Whatever follows the line containing "Công an phường" in the listing below should be printed exactly, along with that line itself.
"""
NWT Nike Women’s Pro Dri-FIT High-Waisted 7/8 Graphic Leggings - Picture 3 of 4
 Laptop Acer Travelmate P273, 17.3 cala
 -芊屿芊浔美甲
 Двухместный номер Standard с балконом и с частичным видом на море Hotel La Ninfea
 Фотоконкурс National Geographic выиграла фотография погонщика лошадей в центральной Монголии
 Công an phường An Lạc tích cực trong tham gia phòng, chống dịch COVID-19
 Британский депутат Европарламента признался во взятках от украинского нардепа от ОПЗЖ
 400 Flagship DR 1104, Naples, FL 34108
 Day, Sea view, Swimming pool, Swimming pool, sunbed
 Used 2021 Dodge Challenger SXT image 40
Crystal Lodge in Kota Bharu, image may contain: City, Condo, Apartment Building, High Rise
"""
• _Answer space_:
 Công an phường An Lạc tích cực trong tham gia phòng, chống dịch COVID-19
 Британский депутат Европарламента признался во взятках от украинского нардепа от ОПЗЖ
 400 Flagship DR 1104, Naples, FL 34108
 Day, Sea view, Swimming pool, Swimming pool, sunbed
 Used 2021 Dodge Challenger SXT image 40
Crystal Lodge in Kota Bharu, image may contain: City, Condo, Apartment Building, High Rise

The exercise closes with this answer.